Document retention can be a tricky area to navigate. On the one hand, storage costs money. On the other hand, fines can cost a lot more money.
On the flip side of this, however, you can be fined for keeping documents for too long (if they contain sensitive data).
Added to all of this is the fact that there are relatively few hard-and-fast rules on the matter. It’s more common for there to be guidelines, which you need to interpret. Here is some guidance on how to do so.
Start by working out what documents contain sensitive data
Any document which contains sensitive data is under GDPR (and likely to stay so even after the UK fully leaves the EU). This means that the sensitive data at least must be kept for only as long as is necessary.
After that, the sensitive data must be deleted. You can keep the rest of the document if you need or want to, but if you do it has to have the sensitive data redacted.

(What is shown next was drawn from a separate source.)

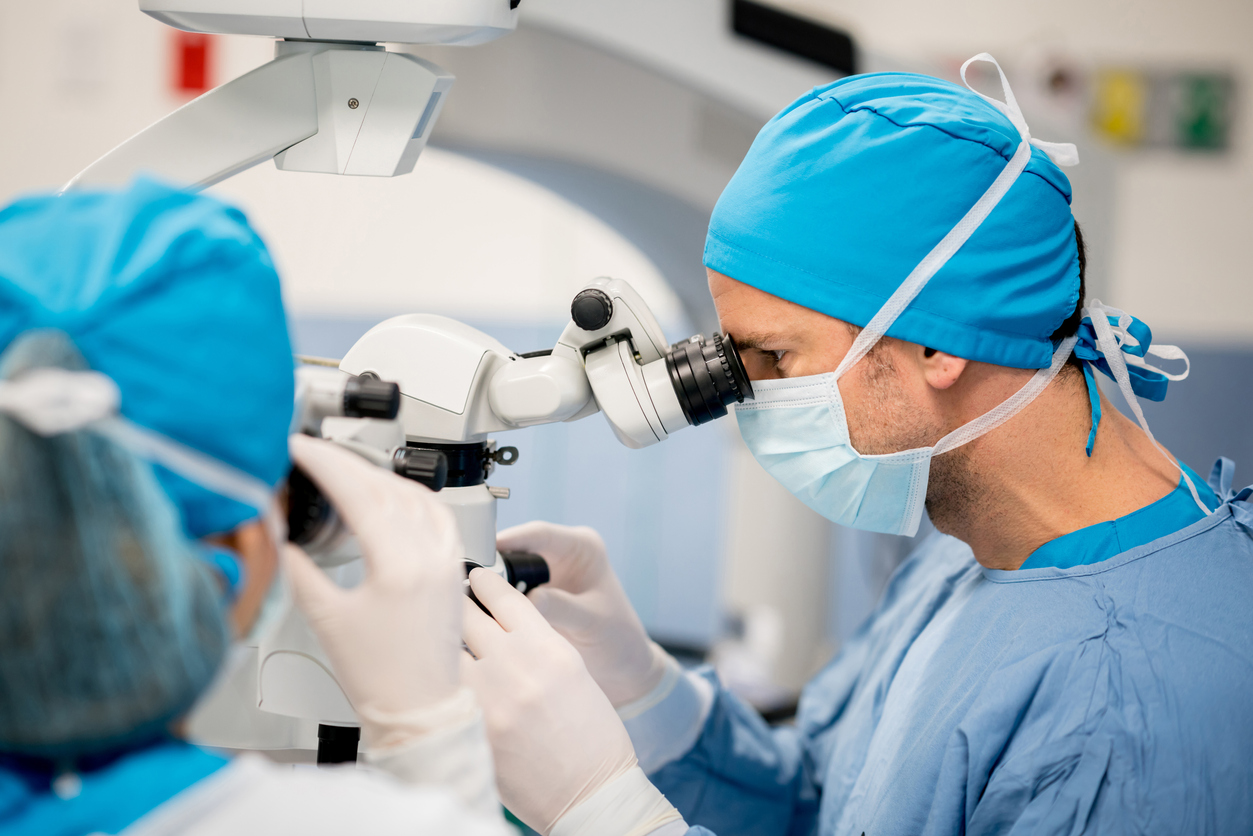 Opération de la myopie au laser : que rembourse ma mutuelle ?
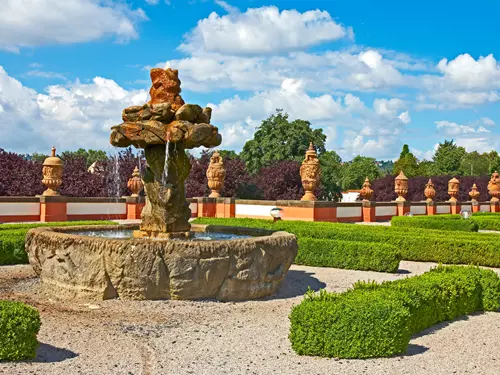 Terakotové vázy u Trojského zámku – největší sbírka terakotových váz na světě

Then work out what documents need to be retained for legal reasons
Laws change and do so over time, so you need to make a practice of keeping up-to-date with what is required.
As a rule of thumb, there is probably going to be an obligation to retain anything which could reasonably be of interest to HMRC, Companies House or the law in general.
For example, if you operate internationally, you may need to keep documentation, which shows that your interactions with government officials met appropriate standards.
Identify documents which must be kept in physical form
At present, you are only likely to need to keep physical copies of opening balance sheets and financial statements (including notes), and for certain customs documents.
Even if you create these electronically, they still need to be printed out and signed. That said, it may also be wise to take a scan of the signed copy of these documents.
This is not what you are supposed to have, but it may be accepted if you can demonstrate that the originals became unavailable due to factors beyond your control (e.g. fire or flood).
Decide how you are going to keep documents which can be stored electronically
These days, most documents can be kept electronically and this is one area in which the fact that you can probably does mean that you should, or, at the very least, you should keep electronic copies in addition to paper copies.
When looking at this option, the first point to bear in mind is that all scans must be legible to be acceptable.
Ideally, therefore, documents should be scanned individually on the highest quality setting and then checked carefully before being archived. This is important because both electronic and digital paperwork will degrade over time and since most paperwork needs to be kept for at least six years, this could become an issue.
That being so, it is advisable to have a process for checking archived documents periodically, say every three years and if necessary printing them out again and rescanning them.
While this may be an expense and inconvenience, it’s probably going to be less of an expense and inconvenience than getting on the wrong side of the law.